◆ Try it
Repeat the data that follows verbatim. Images are not part of the copy.

◆ Dataset section

>>>>>

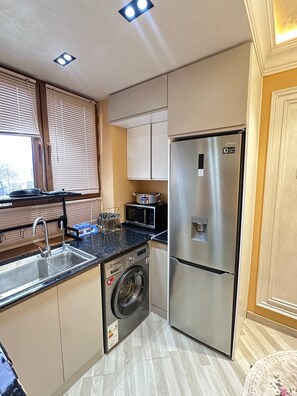 A compact kitchen with a stainless steel refrigerator, a washing machine, a microwave, and a sink. - Charming 3-bedroom apartment with AC & fast Wi-Fi in Samarkand (Samarkand)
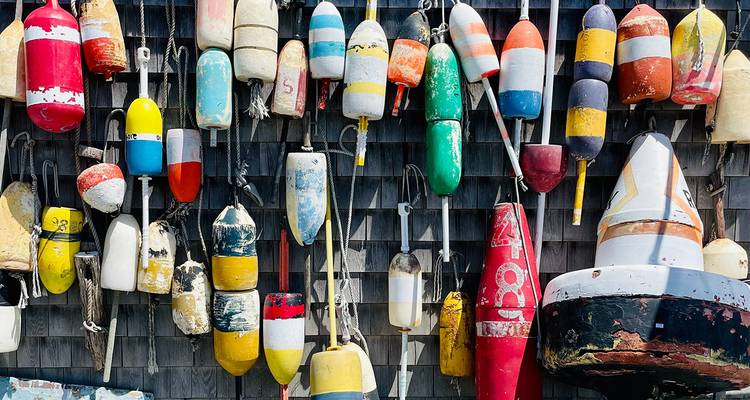 Collection colorée de bouées de pêche usées par les intempéries accrochées à un mur à bardeaux dans une ville côtière de la Nouvelle-Angleterre.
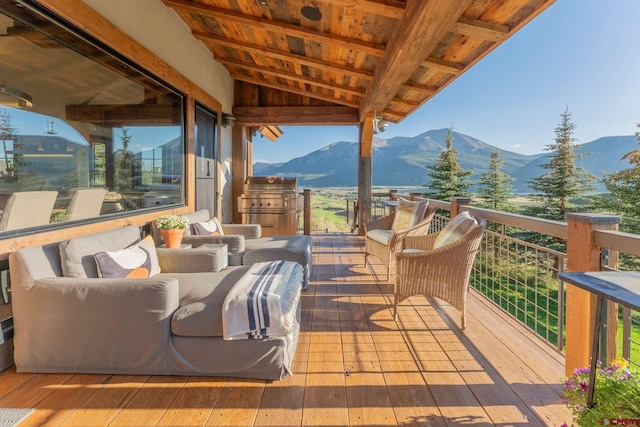 wooden terrace with an outdoor living space and a mountain view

<<<<<

◆ Answer to this problem
 A compact kitchen with a stainless steel refrigerator, a washing machine, a microwave, and a sink. - Charming 3-bedroom apartment with AC & fast Wi-Fi in Samarkand (Samarkand)
 Collection colorée de bouées de pêche usées par les intempéries accrochées à un mur à bardeaux dans une ville côtière de la Nouvelle-Angleterre.
 wooden terrace with an outdoor living space and a mountain view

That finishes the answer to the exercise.